Short descriptive text snippets:

»»

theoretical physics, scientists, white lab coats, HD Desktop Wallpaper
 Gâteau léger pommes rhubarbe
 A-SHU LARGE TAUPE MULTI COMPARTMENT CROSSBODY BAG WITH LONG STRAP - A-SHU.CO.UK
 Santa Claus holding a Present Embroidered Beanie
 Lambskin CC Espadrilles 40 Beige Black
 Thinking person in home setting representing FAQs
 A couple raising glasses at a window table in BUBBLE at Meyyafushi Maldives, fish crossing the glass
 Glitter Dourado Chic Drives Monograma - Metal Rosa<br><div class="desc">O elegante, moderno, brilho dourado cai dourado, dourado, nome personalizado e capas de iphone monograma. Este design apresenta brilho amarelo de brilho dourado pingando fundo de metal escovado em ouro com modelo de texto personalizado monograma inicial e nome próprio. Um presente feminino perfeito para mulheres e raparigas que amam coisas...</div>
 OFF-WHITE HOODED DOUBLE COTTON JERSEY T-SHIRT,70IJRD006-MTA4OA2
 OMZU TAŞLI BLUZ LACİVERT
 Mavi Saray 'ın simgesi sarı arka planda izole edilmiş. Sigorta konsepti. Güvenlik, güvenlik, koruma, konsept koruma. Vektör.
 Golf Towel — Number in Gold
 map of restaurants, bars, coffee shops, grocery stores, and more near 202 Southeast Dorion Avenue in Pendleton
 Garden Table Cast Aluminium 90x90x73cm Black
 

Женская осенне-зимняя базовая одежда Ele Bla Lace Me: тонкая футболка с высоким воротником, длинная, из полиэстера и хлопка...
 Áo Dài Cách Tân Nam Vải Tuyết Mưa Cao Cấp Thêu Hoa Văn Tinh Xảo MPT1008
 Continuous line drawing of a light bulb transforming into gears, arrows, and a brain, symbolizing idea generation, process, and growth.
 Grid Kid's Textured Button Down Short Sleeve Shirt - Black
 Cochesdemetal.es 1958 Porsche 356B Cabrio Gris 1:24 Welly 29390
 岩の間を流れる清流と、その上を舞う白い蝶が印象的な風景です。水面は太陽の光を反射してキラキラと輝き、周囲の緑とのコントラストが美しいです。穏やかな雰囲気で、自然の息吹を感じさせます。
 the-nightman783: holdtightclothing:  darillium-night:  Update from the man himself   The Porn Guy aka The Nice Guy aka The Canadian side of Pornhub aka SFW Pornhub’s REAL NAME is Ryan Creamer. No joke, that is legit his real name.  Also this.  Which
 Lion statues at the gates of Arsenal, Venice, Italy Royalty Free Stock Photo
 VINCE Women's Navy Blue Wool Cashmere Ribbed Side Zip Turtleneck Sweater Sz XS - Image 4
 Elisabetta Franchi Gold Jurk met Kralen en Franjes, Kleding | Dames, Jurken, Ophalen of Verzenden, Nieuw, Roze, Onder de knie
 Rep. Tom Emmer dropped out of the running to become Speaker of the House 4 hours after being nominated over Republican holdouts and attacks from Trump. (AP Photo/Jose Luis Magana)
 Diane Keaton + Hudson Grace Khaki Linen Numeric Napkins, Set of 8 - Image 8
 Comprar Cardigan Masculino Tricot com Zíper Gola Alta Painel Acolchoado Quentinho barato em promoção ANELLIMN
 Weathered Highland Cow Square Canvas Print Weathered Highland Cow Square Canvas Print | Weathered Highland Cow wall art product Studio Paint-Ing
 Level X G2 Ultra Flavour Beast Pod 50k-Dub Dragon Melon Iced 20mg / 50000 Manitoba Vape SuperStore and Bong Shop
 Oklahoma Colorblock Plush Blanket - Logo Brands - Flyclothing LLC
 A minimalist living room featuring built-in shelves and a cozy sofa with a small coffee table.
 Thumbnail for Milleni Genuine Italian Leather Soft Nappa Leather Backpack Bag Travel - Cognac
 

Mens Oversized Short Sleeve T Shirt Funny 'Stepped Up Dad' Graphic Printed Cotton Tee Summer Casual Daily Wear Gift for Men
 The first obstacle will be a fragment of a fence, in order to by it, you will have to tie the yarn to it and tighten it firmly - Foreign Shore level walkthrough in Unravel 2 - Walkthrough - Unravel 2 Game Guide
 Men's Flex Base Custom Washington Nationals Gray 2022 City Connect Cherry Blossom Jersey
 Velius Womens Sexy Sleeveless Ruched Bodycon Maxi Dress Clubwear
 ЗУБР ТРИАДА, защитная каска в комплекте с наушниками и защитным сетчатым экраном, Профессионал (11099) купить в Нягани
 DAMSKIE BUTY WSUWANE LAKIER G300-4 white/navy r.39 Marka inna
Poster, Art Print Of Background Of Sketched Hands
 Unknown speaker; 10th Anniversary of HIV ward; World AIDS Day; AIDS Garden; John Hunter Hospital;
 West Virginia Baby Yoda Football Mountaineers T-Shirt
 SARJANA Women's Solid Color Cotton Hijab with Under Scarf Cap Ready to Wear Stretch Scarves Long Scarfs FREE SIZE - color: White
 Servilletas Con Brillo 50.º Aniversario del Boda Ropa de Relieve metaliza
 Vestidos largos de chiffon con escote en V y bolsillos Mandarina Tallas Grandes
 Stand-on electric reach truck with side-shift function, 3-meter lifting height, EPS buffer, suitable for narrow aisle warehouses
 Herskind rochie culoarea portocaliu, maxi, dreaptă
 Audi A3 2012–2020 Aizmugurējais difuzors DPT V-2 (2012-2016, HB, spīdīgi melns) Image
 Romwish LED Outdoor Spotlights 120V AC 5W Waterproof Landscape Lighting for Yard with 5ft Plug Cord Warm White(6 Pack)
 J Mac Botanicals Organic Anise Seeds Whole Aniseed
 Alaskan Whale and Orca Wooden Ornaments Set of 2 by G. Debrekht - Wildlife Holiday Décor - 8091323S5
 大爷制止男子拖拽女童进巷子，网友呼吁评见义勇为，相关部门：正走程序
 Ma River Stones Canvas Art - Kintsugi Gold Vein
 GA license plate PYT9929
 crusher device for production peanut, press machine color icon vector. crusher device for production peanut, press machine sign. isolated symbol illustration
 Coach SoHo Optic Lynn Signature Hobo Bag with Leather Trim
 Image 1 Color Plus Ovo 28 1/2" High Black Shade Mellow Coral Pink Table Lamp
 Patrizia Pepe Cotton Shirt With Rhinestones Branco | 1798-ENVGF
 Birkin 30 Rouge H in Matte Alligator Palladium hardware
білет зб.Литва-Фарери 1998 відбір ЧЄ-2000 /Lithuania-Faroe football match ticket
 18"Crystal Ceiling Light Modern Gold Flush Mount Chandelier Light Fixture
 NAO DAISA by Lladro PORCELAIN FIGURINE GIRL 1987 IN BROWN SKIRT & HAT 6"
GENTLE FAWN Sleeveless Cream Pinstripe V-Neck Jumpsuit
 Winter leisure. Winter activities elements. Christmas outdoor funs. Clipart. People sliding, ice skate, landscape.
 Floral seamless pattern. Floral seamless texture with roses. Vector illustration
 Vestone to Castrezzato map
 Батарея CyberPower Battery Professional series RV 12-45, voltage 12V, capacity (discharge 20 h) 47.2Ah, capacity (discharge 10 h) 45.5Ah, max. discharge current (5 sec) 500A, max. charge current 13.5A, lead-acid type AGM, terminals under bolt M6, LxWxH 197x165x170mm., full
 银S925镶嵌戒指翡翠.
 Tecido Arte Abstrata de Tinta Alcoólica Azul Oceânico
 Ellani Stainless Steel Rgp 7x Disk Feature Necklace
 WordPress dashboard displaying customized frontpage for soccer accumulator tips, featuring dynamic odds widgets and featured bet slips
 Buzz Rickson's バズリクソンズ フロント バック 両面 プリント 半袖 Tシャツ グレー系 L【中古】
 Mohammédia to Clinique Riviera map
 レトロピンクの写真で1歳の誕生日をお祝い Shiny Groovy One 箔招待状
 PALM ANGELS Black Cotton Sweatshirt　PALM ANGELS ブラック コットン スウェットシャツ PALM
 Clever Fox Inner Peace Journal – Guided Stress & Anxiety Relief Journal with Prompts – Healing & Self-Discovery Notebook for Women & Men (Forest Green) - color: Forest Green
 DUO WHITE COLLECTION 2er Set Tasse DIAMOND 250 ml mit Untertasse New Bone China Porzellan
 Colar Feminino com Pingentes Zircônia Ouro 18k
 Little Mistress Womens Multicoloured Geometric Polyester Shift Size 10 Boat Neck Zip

««

Work instruction:
In the entries above, find the line with "ЗУБР ТРИАДА, защитная" and the line with "Unknown speaker; 10th", then set down exactly those two and every line between them, nothing else.

Result for this task:
 ЗУБР ТРИАДА, защитная каска в комплекте с наушниками и защитным сетчатым экраном, Профессионал (11099) купить в Нягани
 DAMSKIE BUTY WSUWANE LAKIER G300-4 white/navy r.39 Marka inna
Poster, Art Print Of Background Of Sketched Hands
 Unknown speaker; 10th Anniversary of HIV ward; World AIDS Day; AIDS Garden; John Hunter Hospital;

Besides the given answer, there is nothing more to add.